The American minstrel show — historically performed by white actors who danced and pranced across the stage in blackface — at once humanized and stereotyped African-Americans. By the early 20th century, the form had become racist and objectionable. Jason Christophe White’s “The Dance: The History of American Minstrelsy” examines the minstrel show from the perspective of two African-American actors who perform in blackface. An intriguing idea, but the 60-minute exercise falters in execution.

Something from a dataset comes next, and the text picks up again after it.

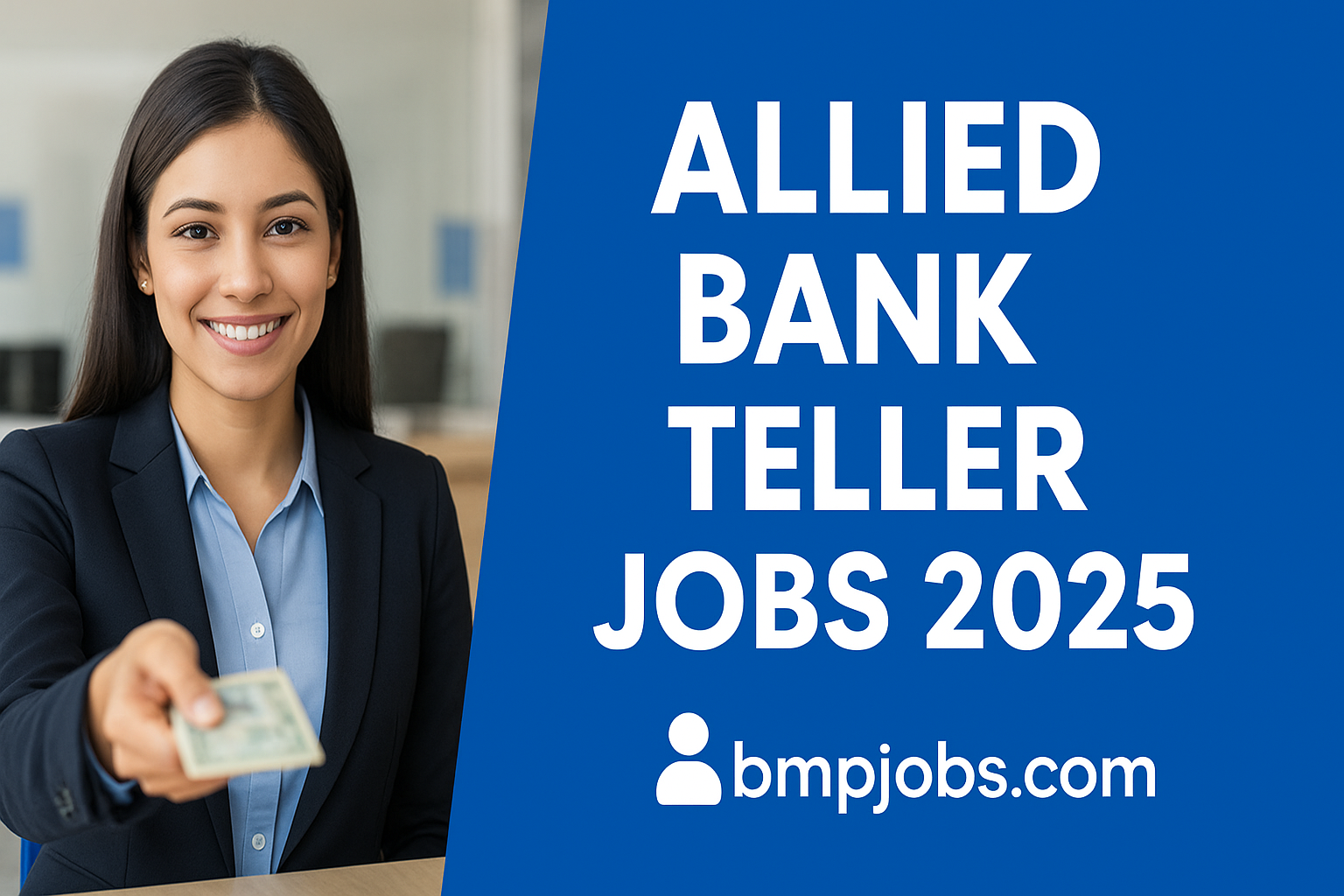 Allied Bank Teller Jobs 2025 | Apply Online for Latest Vacancies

White and White — the pair are not related, but are co-directors and producers — don traditional blackface: tar-black makeup, white rings around the mouth and bright red lipstick, plus curly-headed fright wigs. The makeup seems patterned on Al Jolson’s Gus Jackson, a recurring character in “Bombo,” “Big Boy” and other musicals.
Perry is dressed outlandishly, with a black shirt and shorts under brown plaid coveralls and knee-high zebra-striped socks. MC, on the other hand, could be right out of the Ivy League — blue blazer, grey slacks and red-patterned tie — albeit with black-and-white two-toned shoes and that painted face.

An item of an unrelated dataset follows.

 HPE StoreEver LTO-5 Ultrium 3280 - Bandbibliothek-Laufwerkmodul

Perry supplies a bit of Jolson as he lip-synchs “My Mammy.” Mostly, though, “The Dance” skips through the centuries, trying to link what was then with what is now. This is the sort of thing director-writer George C. Wolfe has handled expertly from time to time, however, while much of what White and White try to accomplish is worthy, the lack of focus and a strong guiding force is felt continually.
Both performers work earnestly, and there’s much to admire in the enterprise. Two highly effective moments near evening’s end help pick things up, but not enough to turn the tide. Anyone especially interested in minstrelsy may find plenty to embrace, but for general audiences, “The Dance” makes for rough theatergoing.